WORK REQUEST
Restate, in full and unchanged, the entries that follow, but not their pictures.

RECORD EXTRACTS below:

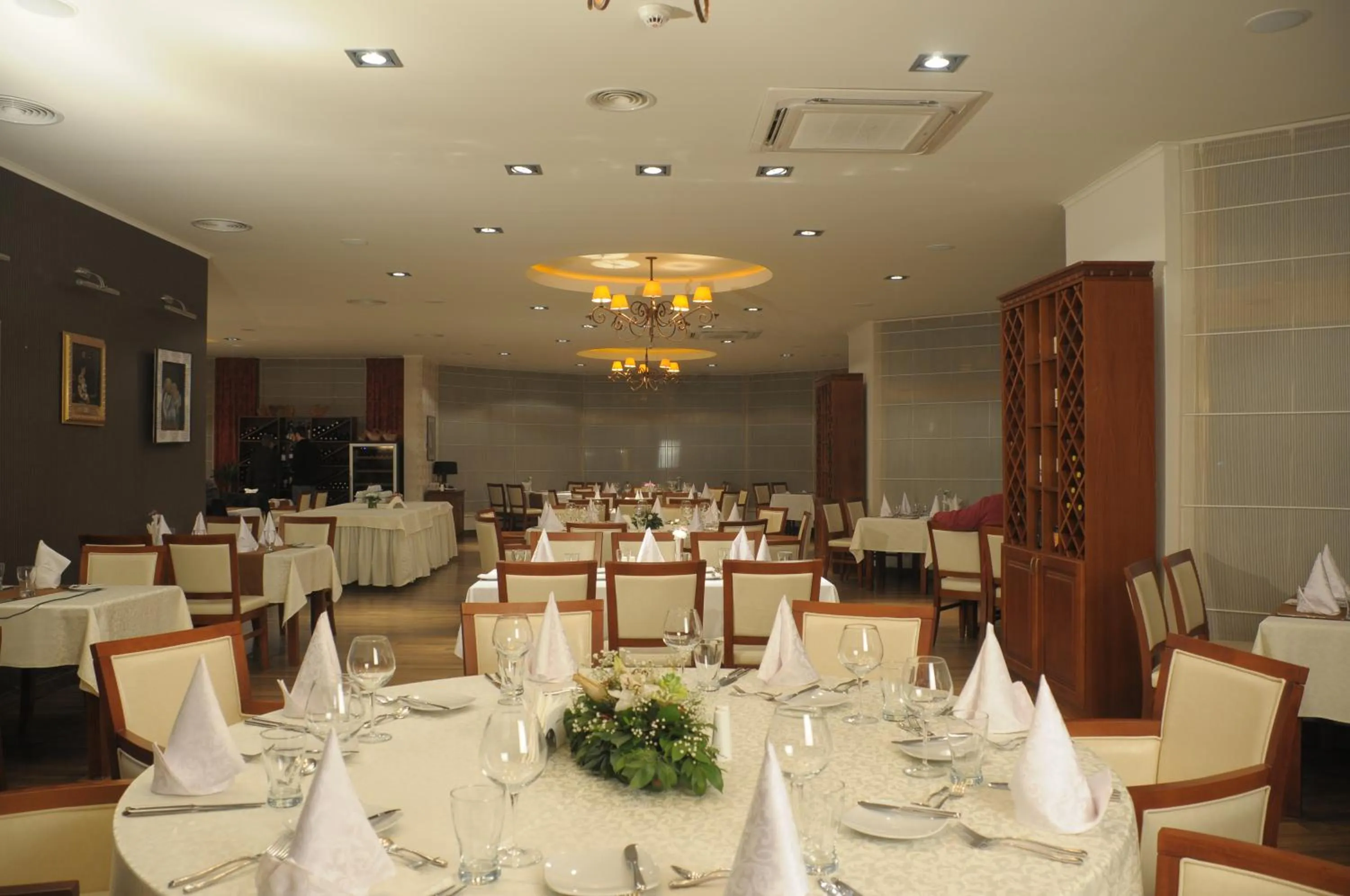 Restaurant/places to eat in Hotel Srbija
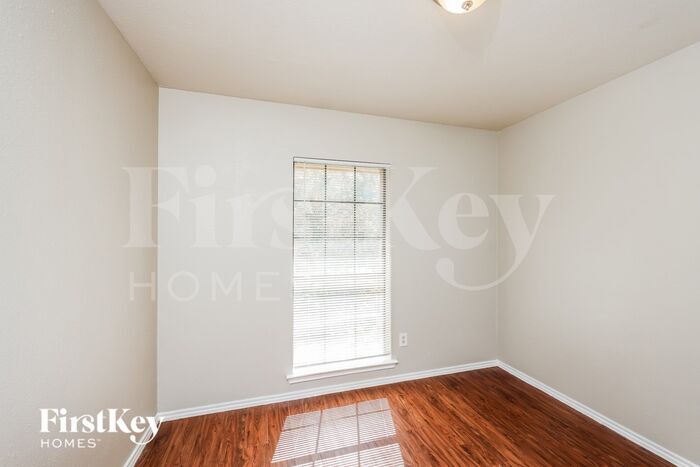 Building Photo - 7901 Tulane Dr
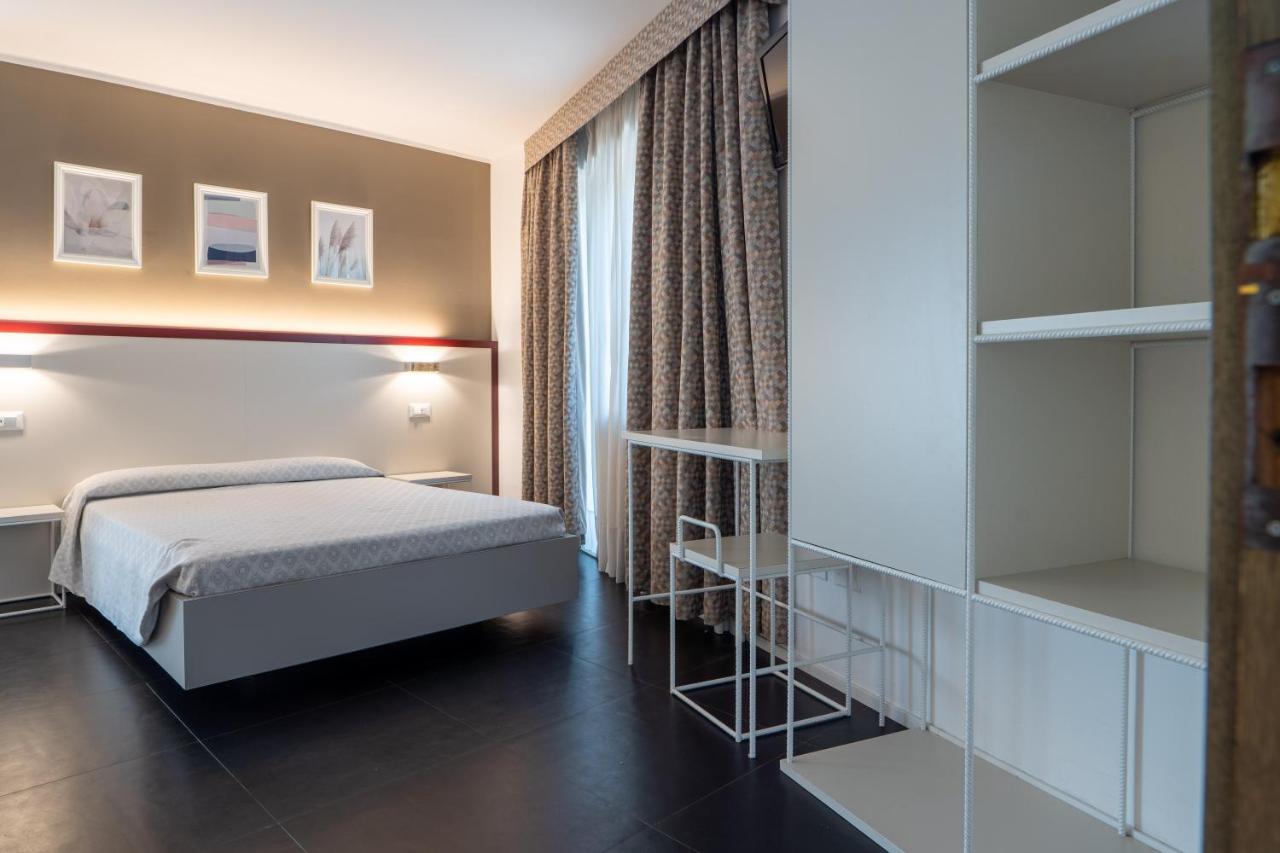 Hotel Centrale Mestre Luaran gambar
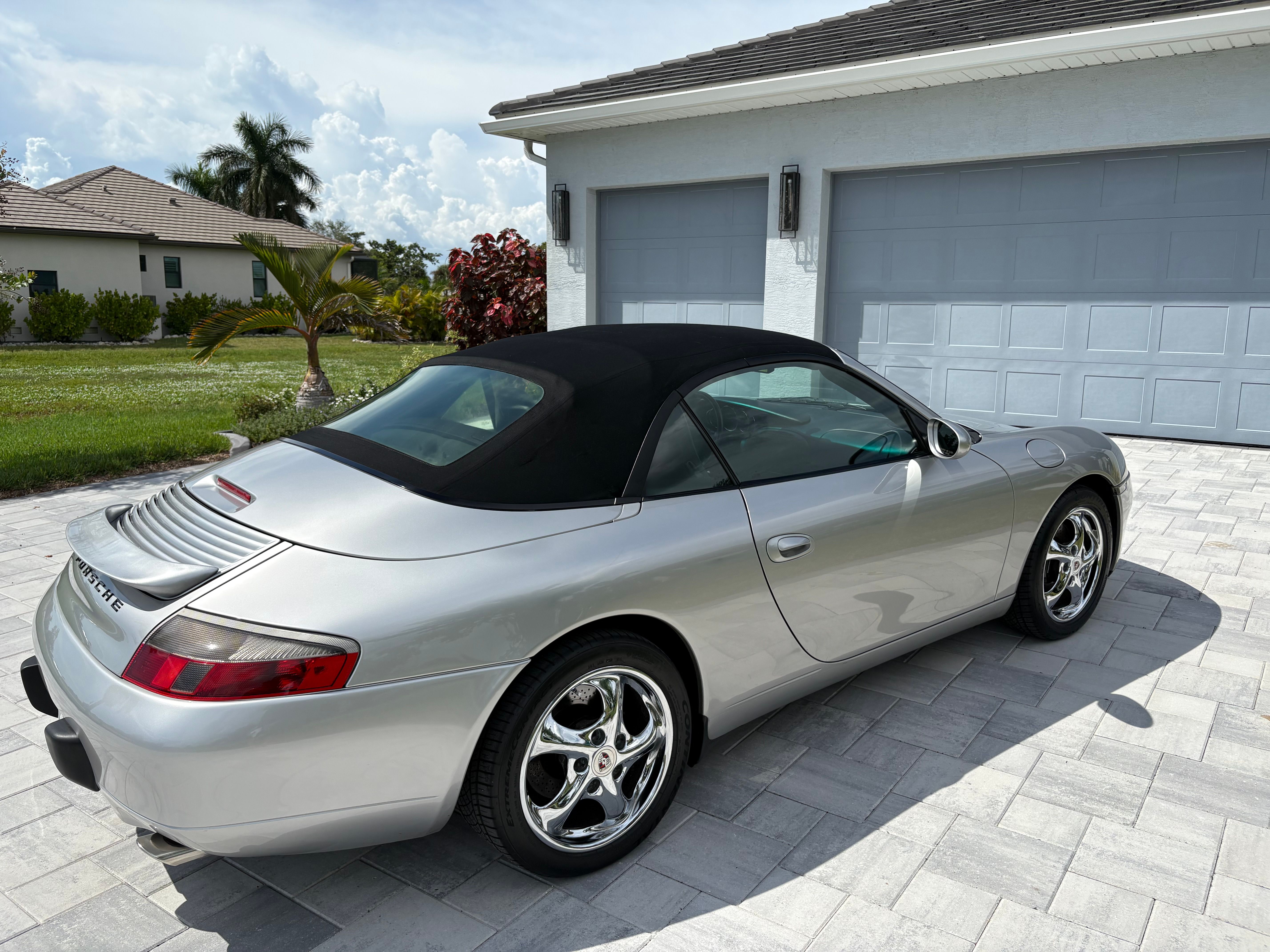 Used 2001 Porsche 911 Cabriolet image 1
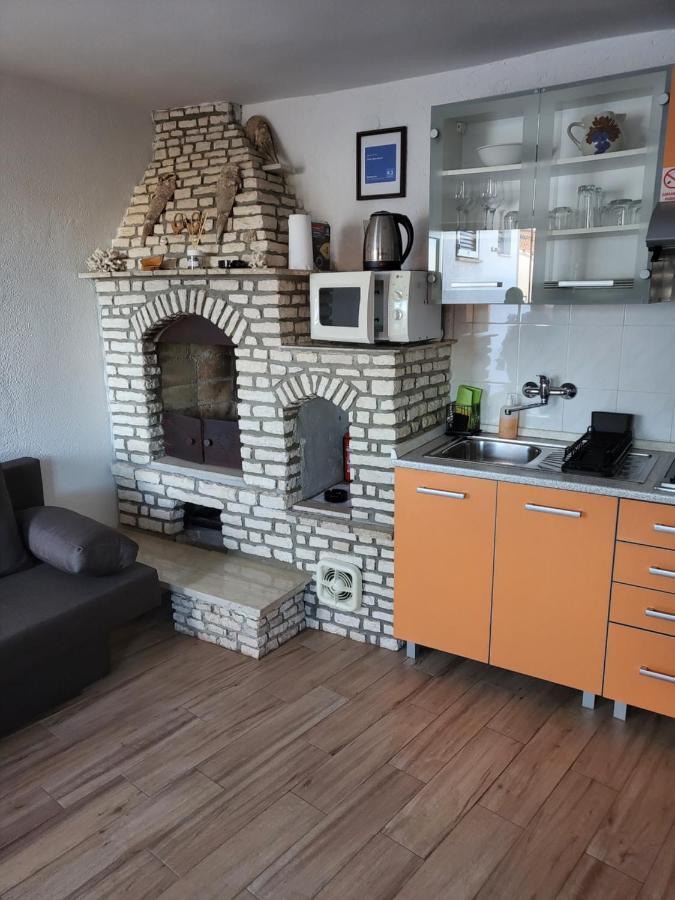 Licul Apartment Ровинь Экстерьер фото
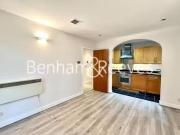 Flat to rent in Lyon Road, Harrow HA1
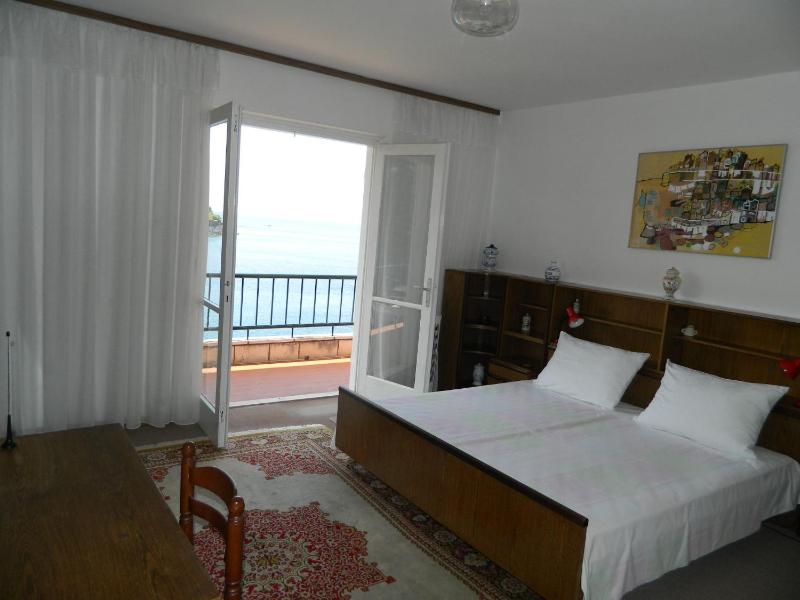 Apartment with Sea View image 2
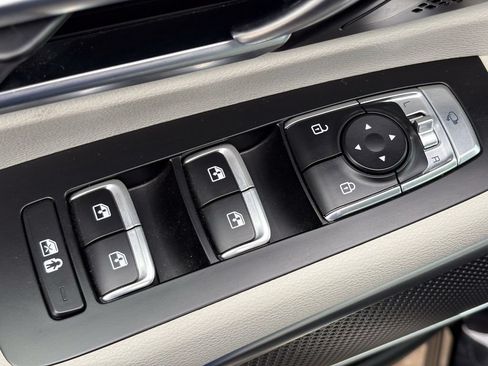 Used 2024 Kia Telluride SX w/ Towing Package FWD image 20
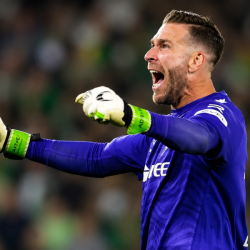 Adrián celebrando un gol del Betis
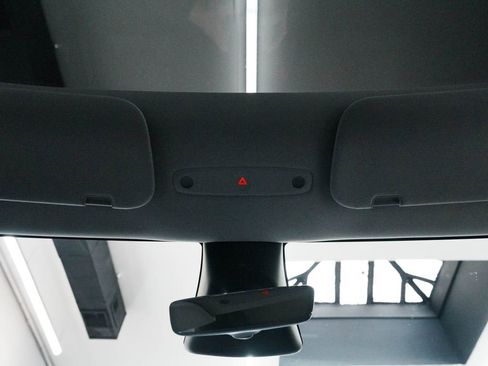 Used 2026 Tesla Model Y Long Range image 31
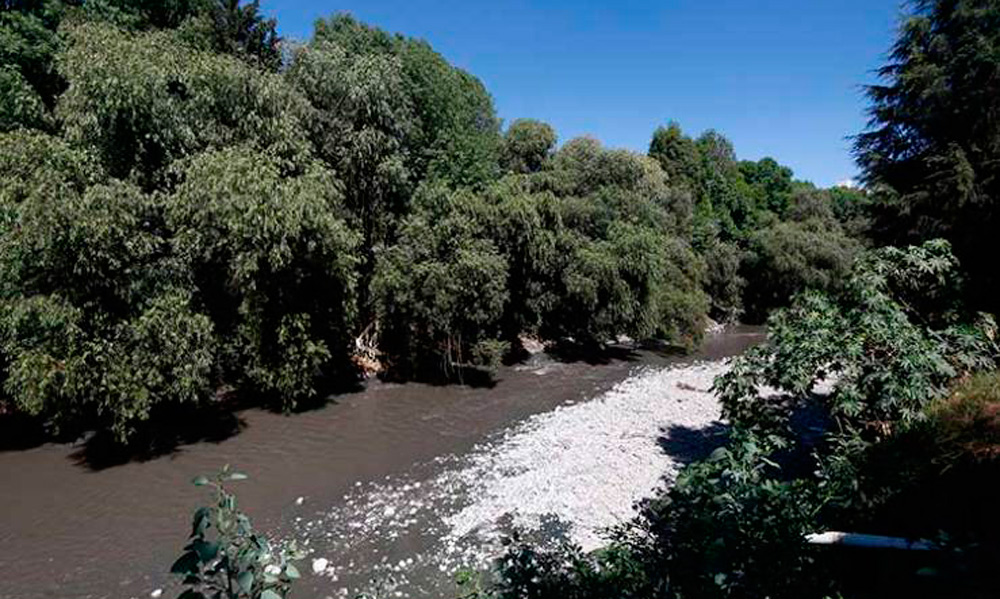 Contaminan río Atoyac con drenaje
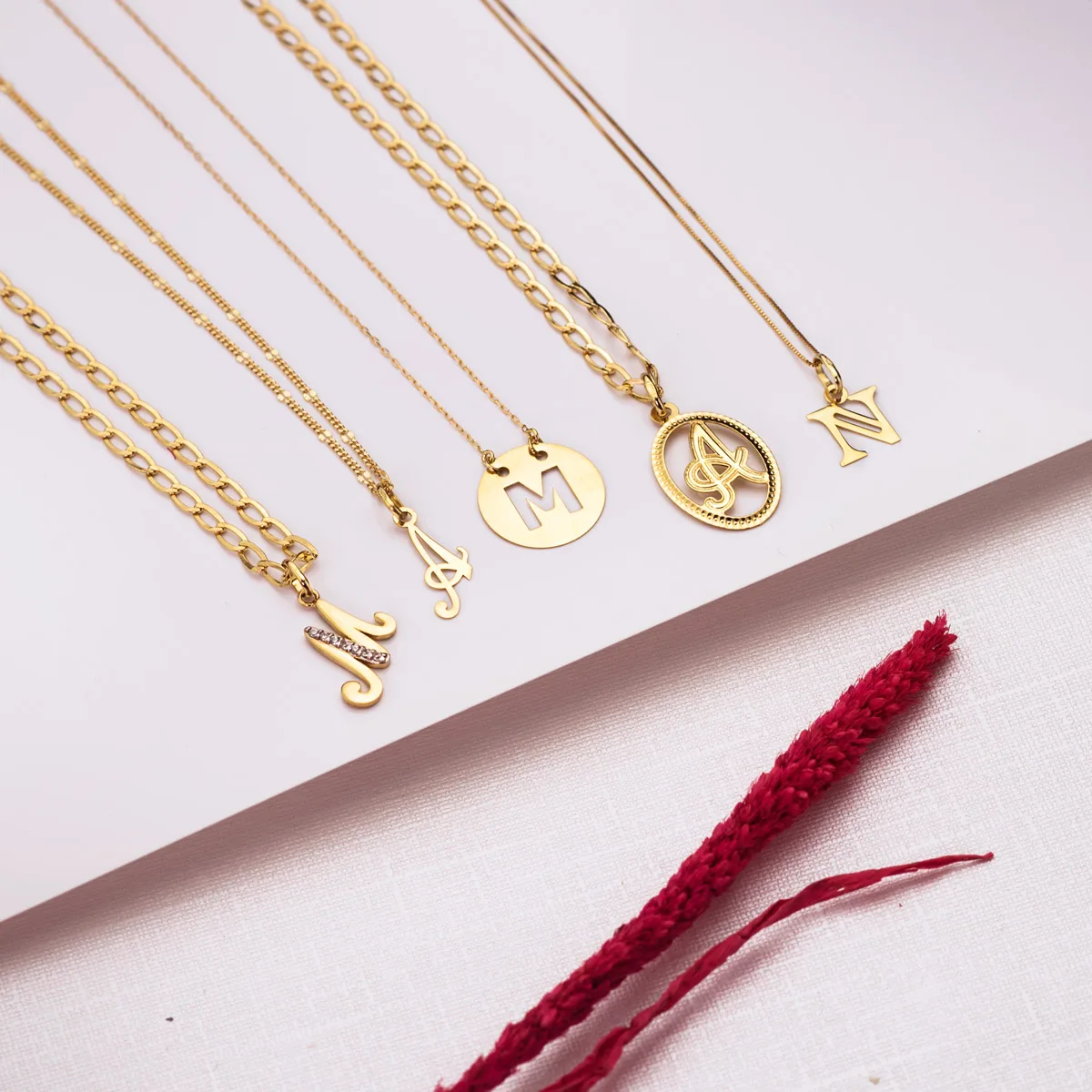 18K COLGANTE ORO AMARILLO LETRA " L " 15 MM CADENA FORZADA 42CM — vista 2
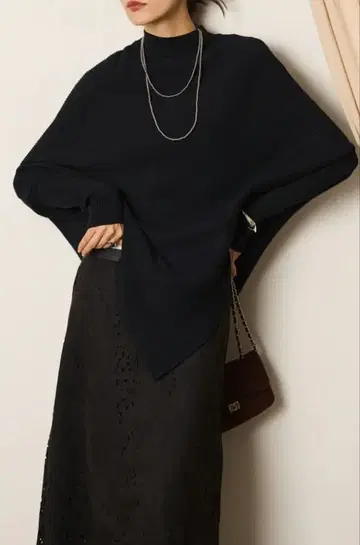 밑단 비대칭 디자인 니트탑 블랙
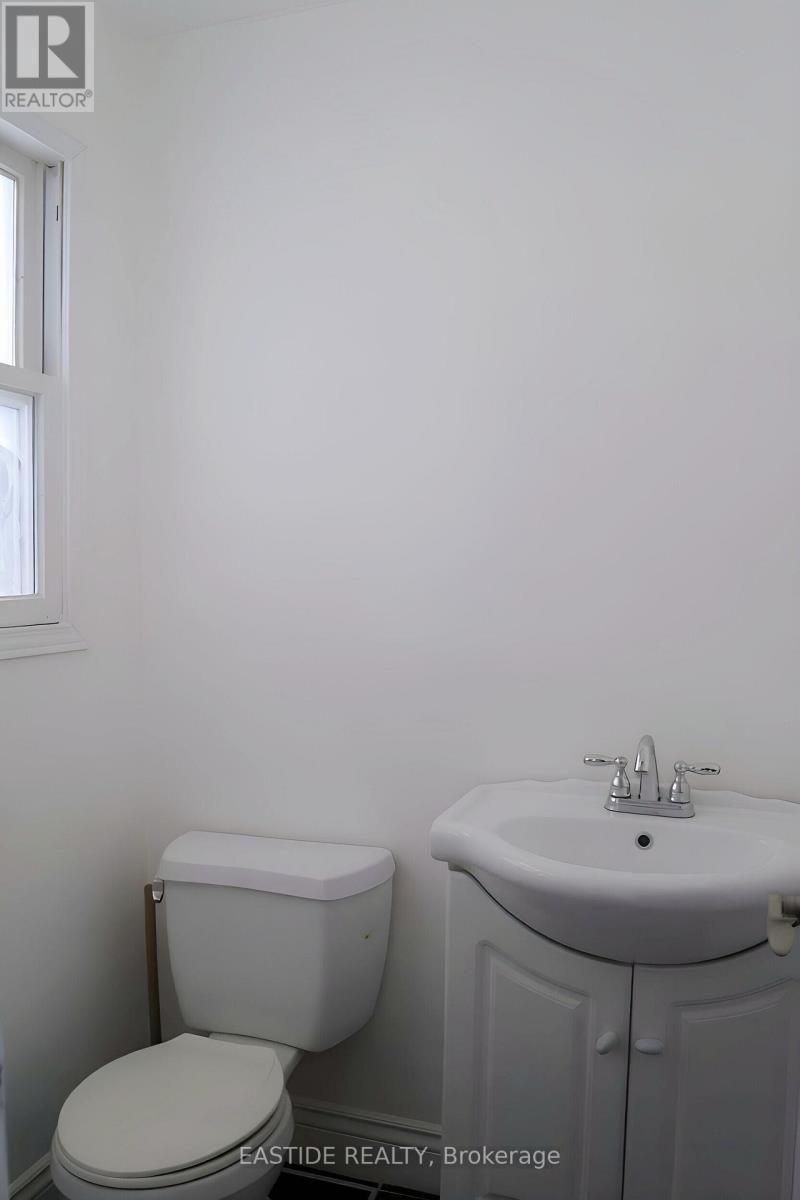 1540 Norwill Crescent, Oshawa, Ontario  L1G 7T9 - Photo 6 - E12878980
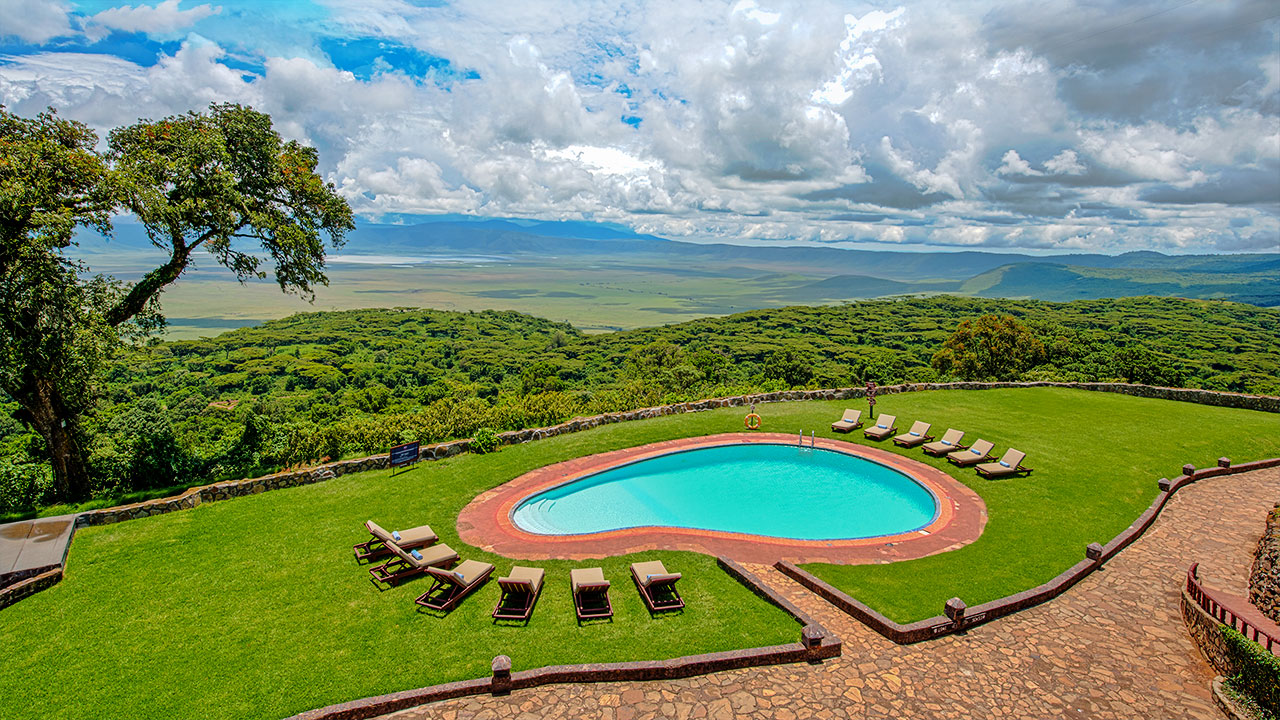 Ngorongoro Swimming pool overlooking Ngorongoro crater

End of RECORD EXTRACTS.

RESULT FOR THIS TASK
 Restaurant/places to eat in Hotel Srbija
 Building Photo - 7901 Tulane Dr
 Hotel Centrale Mestre Luaran gambar
 Used 2001 Porsche 911 Cabriolet image 1
 Licul Apartment Ровинь Экстерьер фото
 Flat to rent in Lyon Road, Harrow HA1
 Apartment with Sea View image 2
 Used 2024 Kia Telluride SX w/ Towing Package FWD image 20
 Adrián celebrando un gol del Betis
 Used 2026 Tesla Model Y Long Range image 31
 Contaminan río Atoyac con drenaje
 18K COLGANTE ORO AMARILLO LETRA " L " 15 MM CADENA FORZADA 42CM — vista 2
 밑단 비대칭 디자인 니트탑 블랙
 1540 Norwill Crescent, Oshawa, Ontario  L1G 7T9 - Photo 6 - E12878980
 Ngorongoro Swimming pool overlooking Ngorongoro crater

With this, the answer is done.